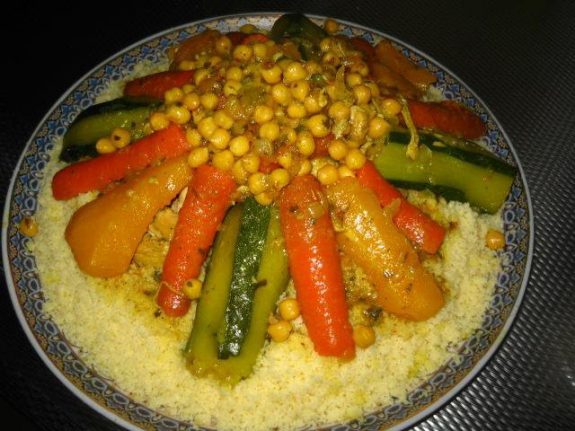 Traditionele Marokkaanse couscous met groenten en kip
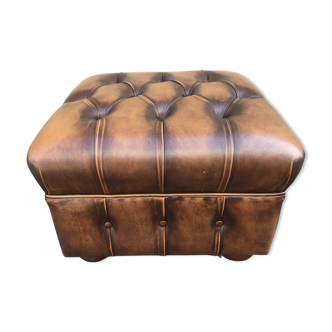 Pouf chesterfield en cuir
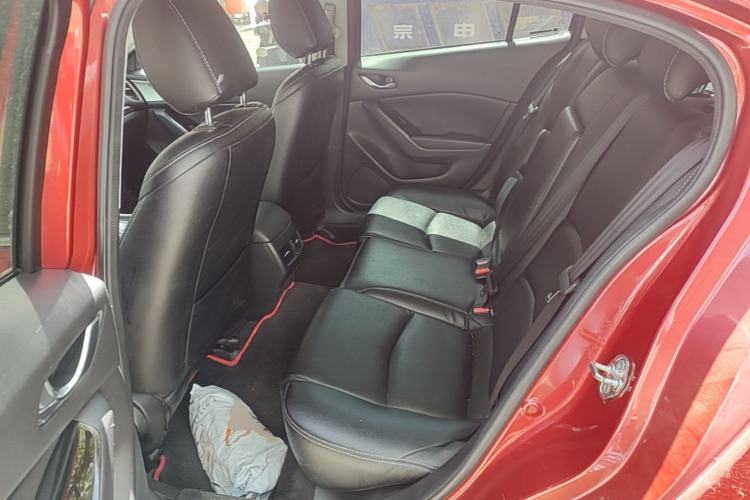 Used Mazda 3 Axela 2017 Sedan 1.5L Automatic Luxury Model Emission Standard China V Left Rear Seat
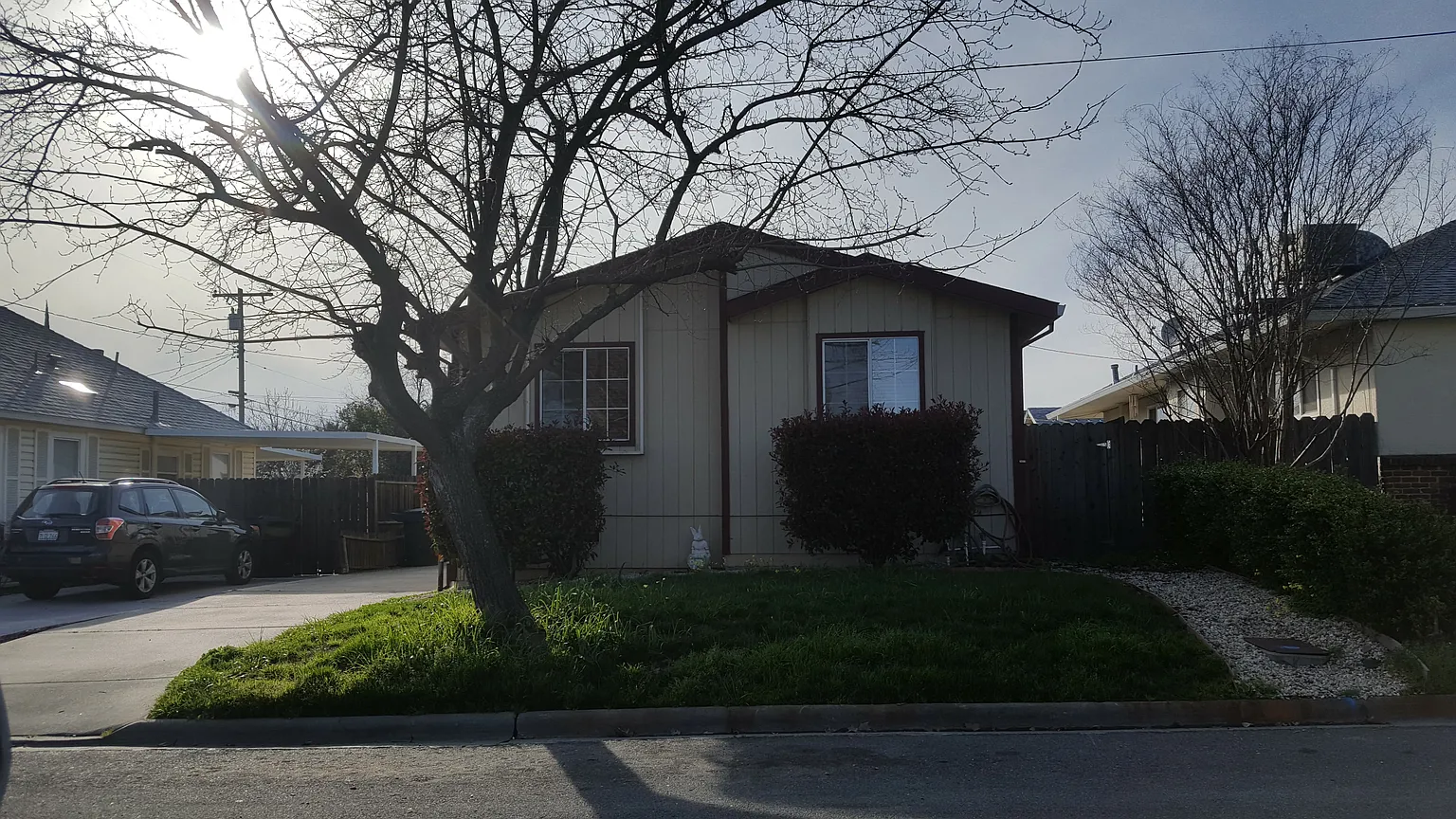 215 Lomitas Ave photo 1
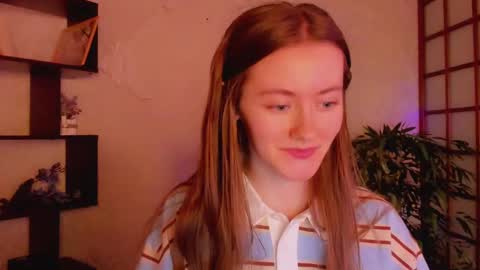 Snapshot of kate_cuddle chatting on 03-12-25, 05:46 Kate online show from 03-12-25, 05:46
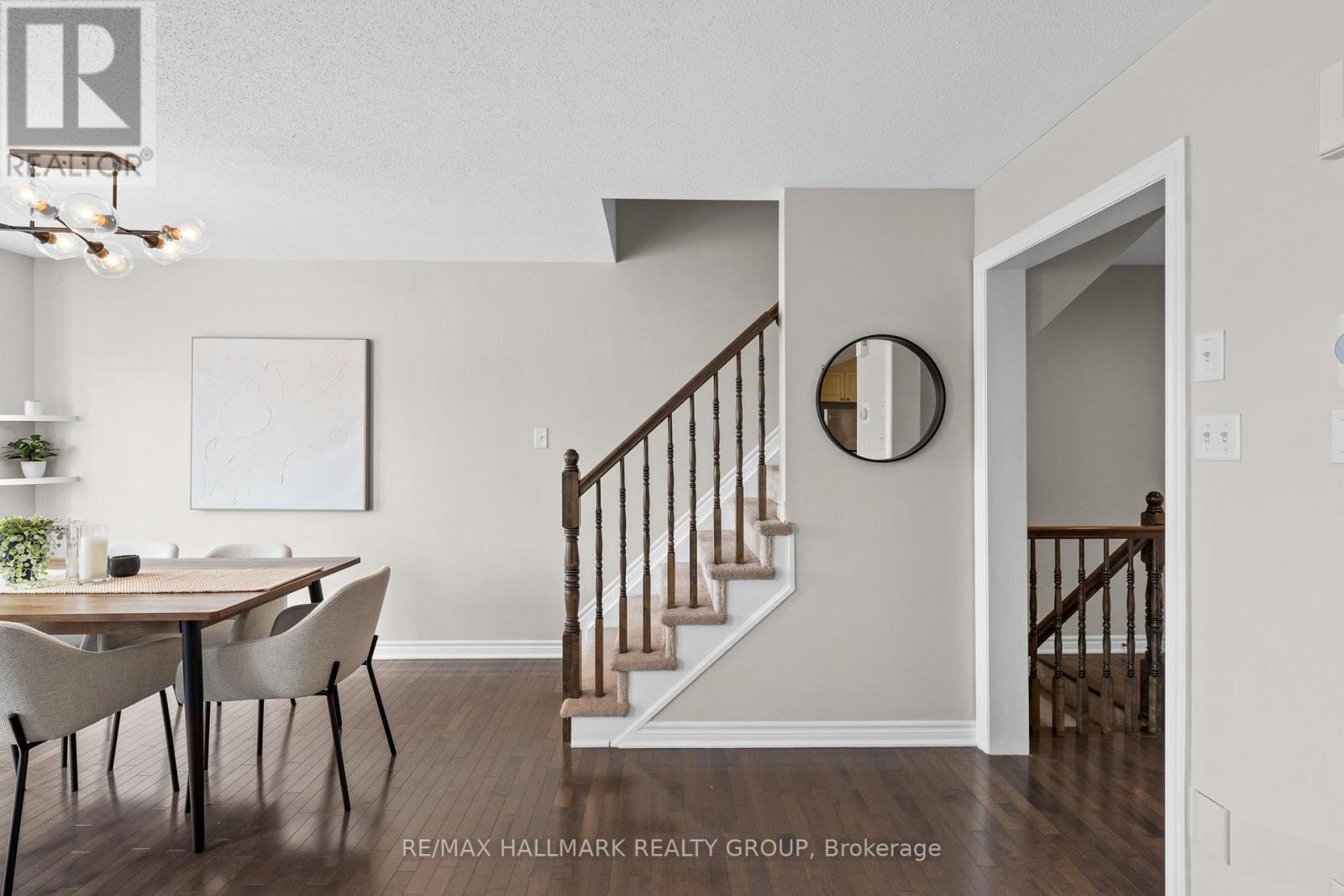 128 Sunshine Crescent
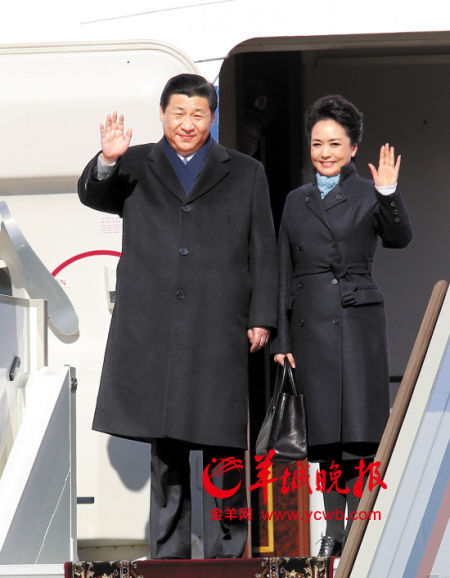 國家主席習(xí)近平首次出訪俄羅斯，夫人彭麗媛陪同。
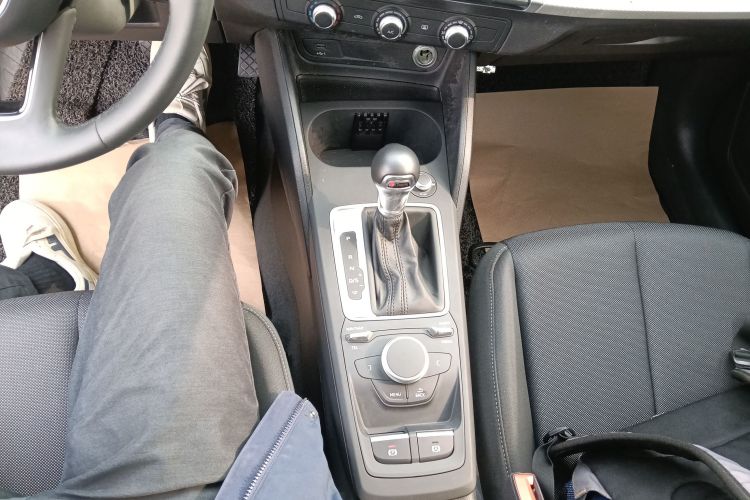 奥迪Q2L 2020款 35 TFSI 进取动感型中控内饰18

TASK REQUIREMENTS:
Pictures aside, return all of the material exactly as written.

EXERCISE ANSWER:
 Traditionele Marokkaanse couscous met groenten en kip
 Pouf chesterfield en cuir
 Used Mazda 3 Axela 2017 Sedan 1.5L Automatic Luxury Model Emission Standard China V Left Rear Seat
 215 Lomitas Ave photo 1
 Snapshot of kate_cuddle chatting on 03-12-25, 05:46 Kate online show from 03-12-25, 05:46
 128 Sunshine Crescent
 國家主席習(xí)近平首次出訪俄羅斯，夫人彭麗媛陪同。
 奥迪Q2L 2020款 35 TFSI 进取动感型中控内饰18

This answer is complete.